The Postal Service report estimates that at least 58 million packages will be stolen in 2024. “So what are the chances that one of them, unbeknownst to the thief, contains some type of drug?” No one really knows, he said.
Ways to reduce the risk of theft
So what can you do? Stickle says scheduling deliveries when you’re home and having a hidden delivery point are good ideas. Even a locker for your porch that doesn’t lock is a good deterrent.
“If a thief can see there’s a package, even if it’s an envelope on your porch from the road, it seems much more likely that it will be stolen,” he says.
According to Express Scripts and Optum Rx, two companies offering mail-order pharmacy services, medication theft is quite rare.
CVS Caremark, another company that ships prescriptions by mail, said it offers package tracking to its customers to prevent theft, but did not respond to NPR’s question about how common drug theft is.
Drugstores, including Walgreens, say they offer order tracking and use discreet packaging to prevent theft. Customers can also choose to require a signature when their medications are delivered.
Ensuring patients don’t miss a dose is a top priority, says Stryker Awtry, director of loss prevention and transformation at Optum Pharmacy, part of Optum Rx.
“Especially during the holiday season when deliveries increase, we want to make sure we provide our customers with peace of mind,” he says. “So if a theft were to happen, No. 1, contact the pharmacy immediately.”
He also advises you to report the theft to your prescriber and local law enforcement.
A lost prescription replaced
As for Carmen Peterson in North Carolina, when she called her insurer’s pharmacy to have Ethan’s medication replaced, the answer was no. But Ethan missed a dose and had a seizure that sent him to the emergency room again? This is not an option for her.
“It feels like it’s one of those things where you just don’t have a choice,” she says.
If forced, she would have found the money to buy the medicine herself.

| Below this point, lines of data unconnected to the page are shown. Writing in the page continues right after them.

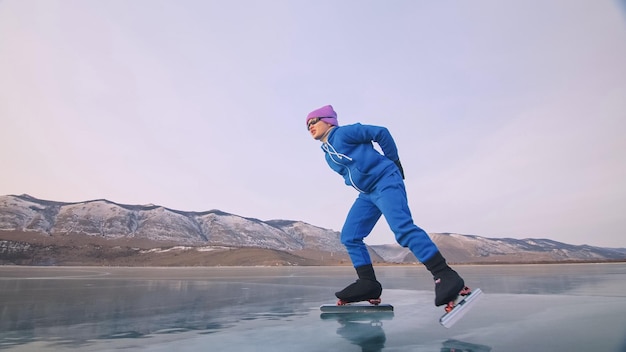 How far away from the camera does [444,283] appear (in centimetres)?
246

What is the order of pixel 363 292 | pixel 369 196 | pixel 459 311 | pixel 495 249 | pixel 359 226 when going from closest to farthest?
1. pixel 459 311
2. pixel 369 196
3. pixel 363 292
4. pixel 359 226
5. pixel 495 249

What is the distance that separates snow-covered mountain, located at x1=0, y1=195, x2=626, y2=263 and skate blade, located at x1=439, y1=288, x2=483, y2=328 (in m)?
79.7

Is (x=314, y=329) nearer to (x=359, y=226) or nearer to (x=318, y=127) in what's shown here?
(x=359, y=226)

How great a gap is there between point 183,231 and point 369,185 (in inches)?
4229

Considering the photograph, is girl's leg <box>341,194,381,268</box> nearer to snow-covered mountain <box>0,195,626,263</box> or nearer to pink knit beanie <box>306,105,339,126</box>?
pink knit beanie <box>306,105,339,126</box>

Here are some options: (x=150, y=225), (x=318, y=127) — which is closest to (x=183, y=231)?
(x=150, y=225)

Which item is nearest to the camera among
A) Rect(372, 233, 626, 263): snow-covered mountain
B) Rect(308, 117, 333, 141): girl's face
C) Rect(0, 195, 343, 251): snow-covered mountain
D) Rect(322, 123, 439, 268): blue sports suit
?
Rect(322, 123, 439, 268): blue sports suit

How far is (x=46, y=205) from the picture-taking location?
100 m

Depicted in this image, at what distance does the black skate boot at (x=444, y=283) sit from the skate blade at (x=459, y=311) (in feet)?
0.22

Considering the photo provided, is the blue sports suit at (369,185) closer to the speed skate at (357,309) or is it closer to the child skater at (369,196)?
the child skater at (369,196)

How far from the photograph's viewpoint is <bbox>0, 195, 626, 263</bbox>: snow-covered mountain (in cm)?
8700

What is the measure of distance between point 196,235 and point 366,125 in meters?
108

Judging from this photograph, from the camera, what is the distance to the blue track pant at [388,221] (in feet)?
8.96

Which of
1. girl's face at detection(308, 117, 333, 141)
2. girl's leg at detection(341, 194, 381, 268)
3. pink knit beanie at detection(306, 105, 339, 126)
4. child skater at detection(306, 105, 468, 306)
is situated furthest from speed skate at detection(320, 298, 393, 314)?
pink knit beanie at detection(306, 105, 339, 126) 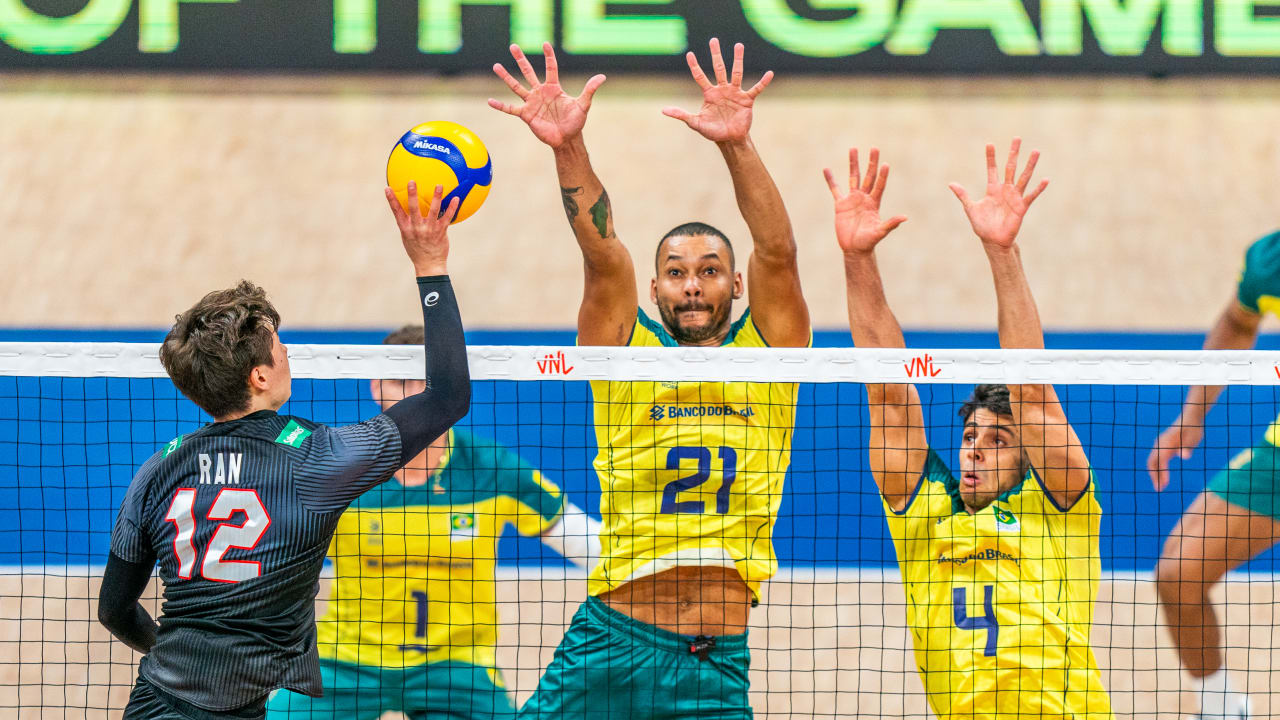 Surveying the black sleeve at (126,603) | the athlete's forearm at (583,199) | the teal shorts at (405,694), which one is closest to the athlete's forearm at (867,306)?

“It was just a shame that the company was so ready and willing to wash its hands of it because they felt like they had done what they were hired to do, which was deliver the drug.”
That company, Liviniti Pharmacy, said it could not comment on the Peterson family’s experience due to patient privacy laws.
Unwilling to give up, Peterson reported the theft everywhere and made noise about it, including on his local news channels. It worked. Jazz Pharmaceuticals, the company that makes the drug Ethan needs, saw the stories and replaced it within a week.
She now recommends having important medications delivered to a post office box, to a workplace, or simply going to the pharmacy to pick them up yourself.